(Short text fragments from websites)
Content starts

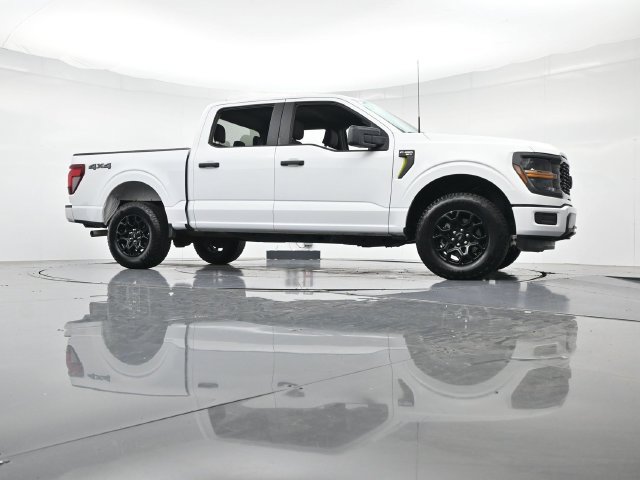 Certified 2025 Ford F150 STX AWD/4WD image 35
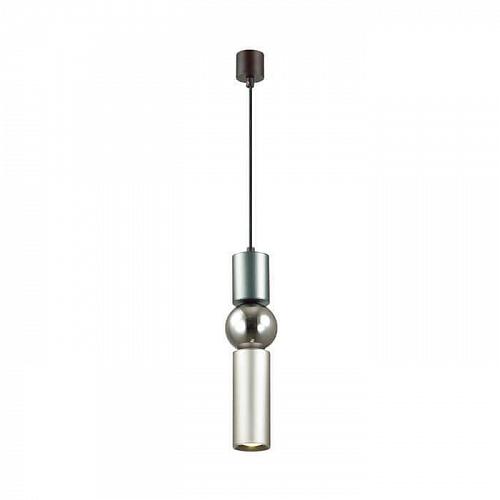 Подвесной светодиодный светильник Odeon Light L-vision Sakra 4070/5L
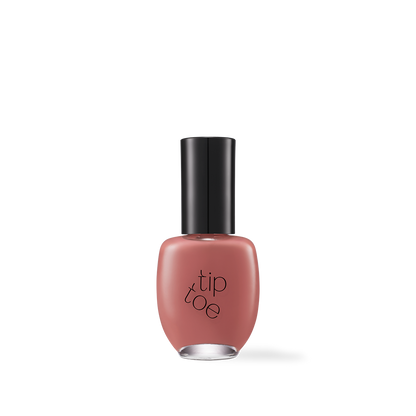 Tiptoe Syrup & Paint Nail Polish - 18 Colors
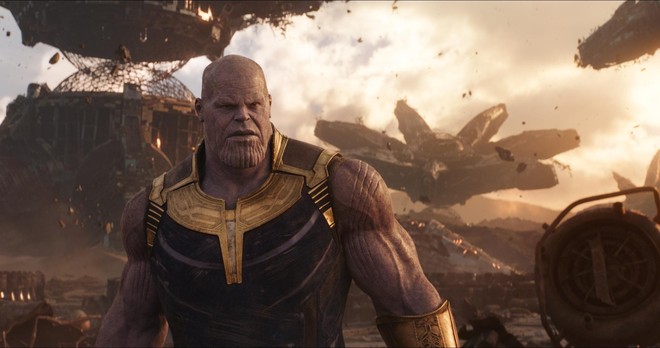 Hình nền : Thanos, Avengers Infinity war, nhân vật phản diện, nghệ thuật  số, hình minh họa 4125x2160 - Zibbax - 1486707 - Hình nền đẹp hd - WallHere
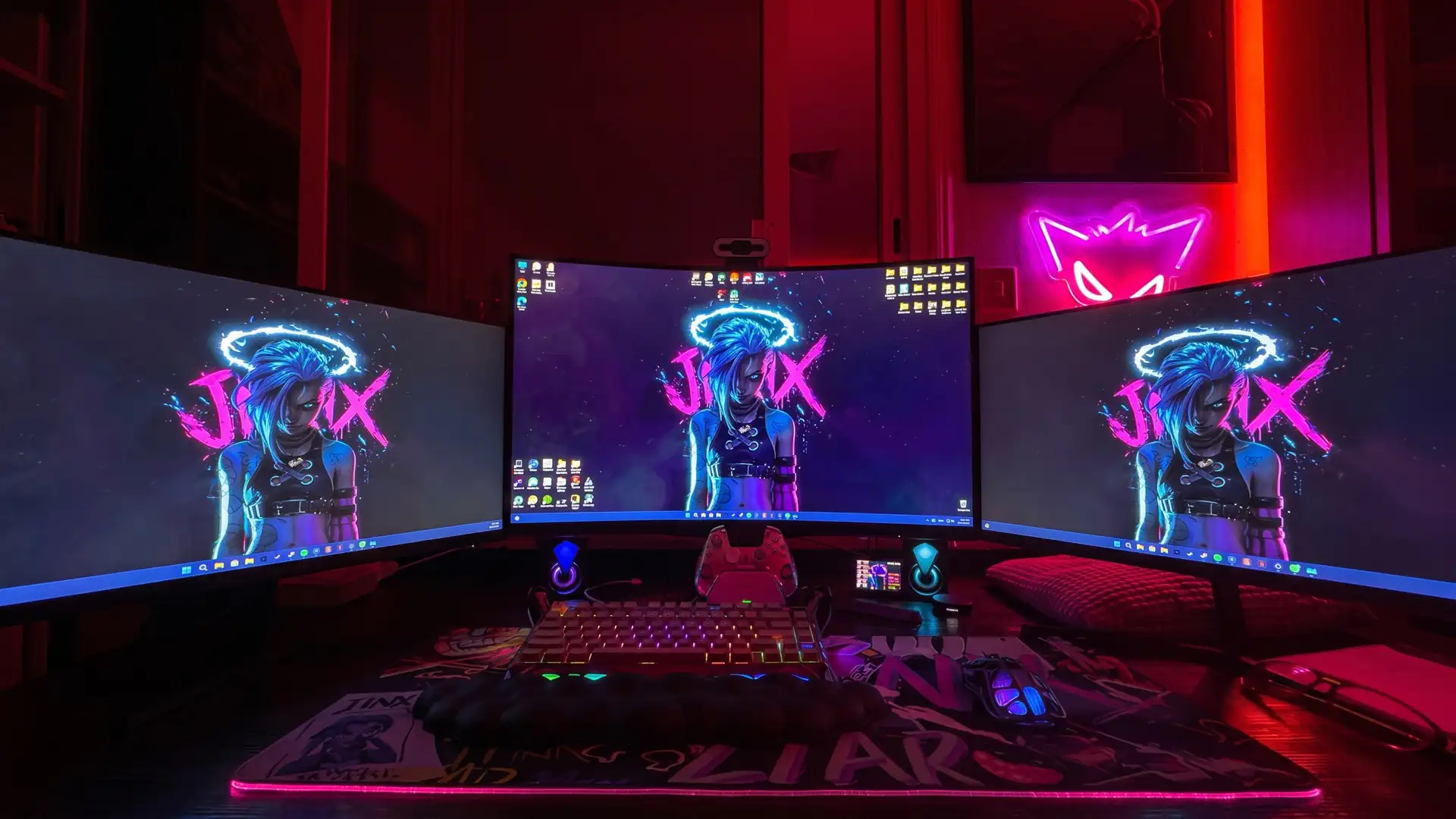 Связка GeForce RTX 3080 и Radeon RX 580 выдает 160 FPS в 1440p с Lossless Scaling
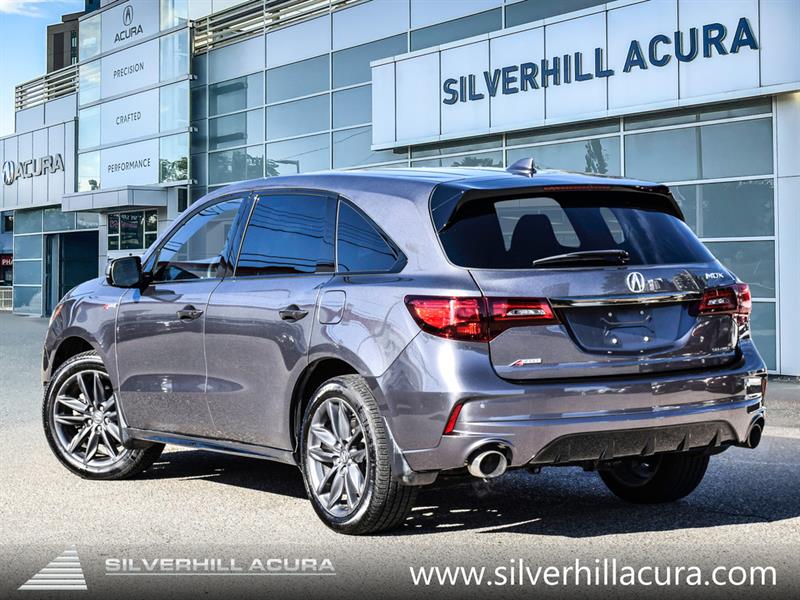 acura MDX 2019 - 4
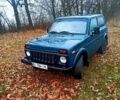 Зеленый ВАЗ Нива, объемом двигателя 1.7 л и пробегом 357 тыс. км за 2600 $, фото 9 на Automoto.ua
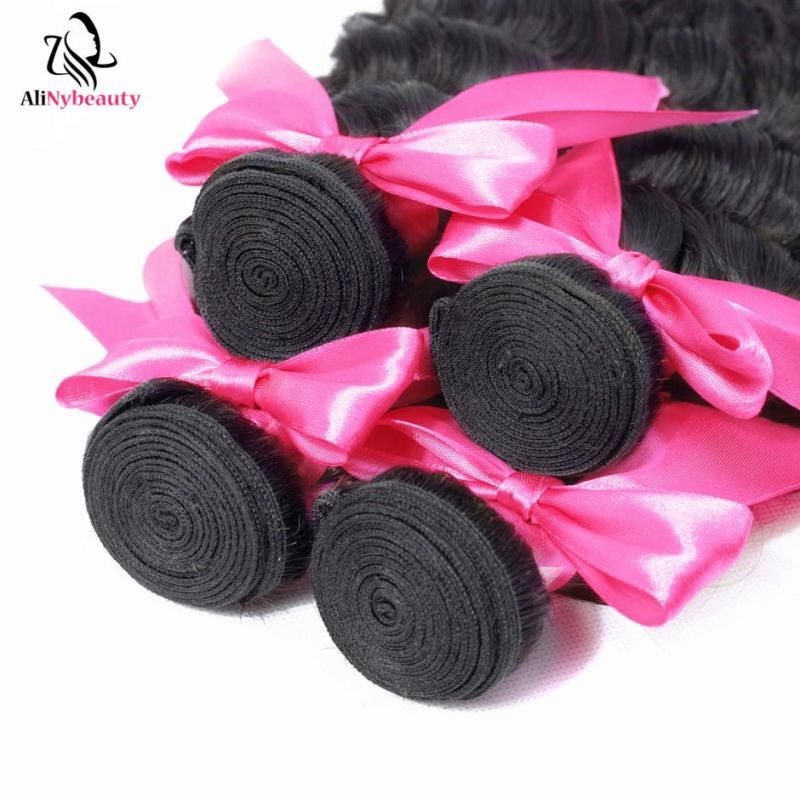 Factory Wholesale High Quality Brazilian Cuticle Aligned Raw Virgin Hair 100% Human Hair Bundles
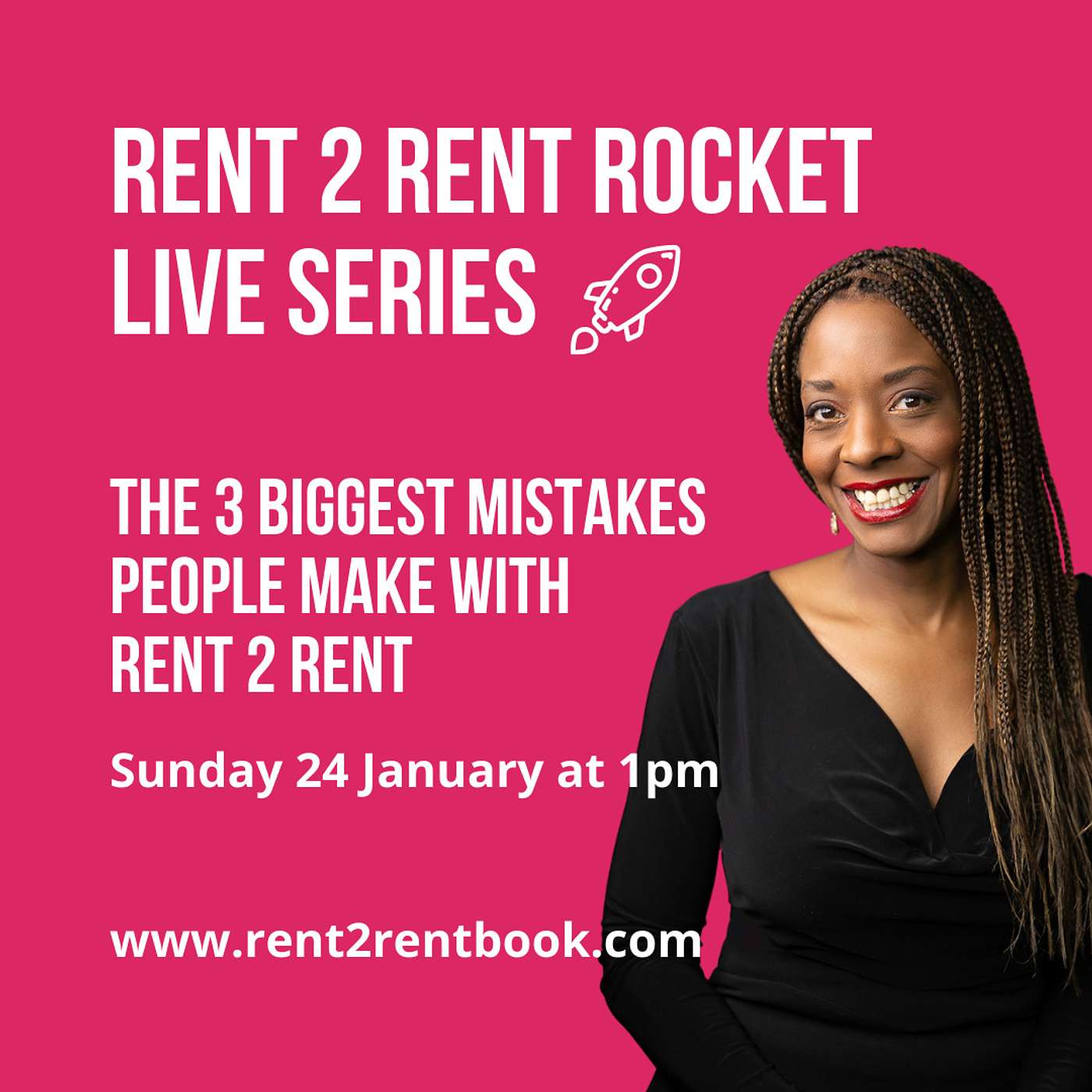 The 3 Biggest Mistakes People Make with Rent 2 Rent - Day 2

Content ends

Please print all the entries exactly as written, but drop the pictures.

 Certified 2025 Ford F150 STX AWD/4WD image 35
 Подвесной светодиодный светильник Odeon Light L-vision Sakra 4070/5L
 Tiptoe Syrup & Paint Nail Polish - 18 Colors
 Hình nền : Thanos, Avengers Infinity war, nhân vật phản diện, nghệ thuật  số, hình minh họa 4125x2160 - Zibbax - 1486707 - Hình nền đẹp hd - WallHere
 Связка GeForce RTX 3080 и Radeon RX 580 выдает 160 FPS в 1440p с Lossless Scaling
 acura MDX 2019 - 4
 Зеленый ВАЗ Нива, объемом двигателя 1.7 л и пробегом 357 тыс. км за 2600 $, фото 9 на Automoto.ua
 Factory Wholesale High Quality Brazilian Cuticle Aligned Raw Virgin Hair 100% Human Hair Bundles
 The 3 Biggest Mistakes People Make with Rent 2 Rent - Day 2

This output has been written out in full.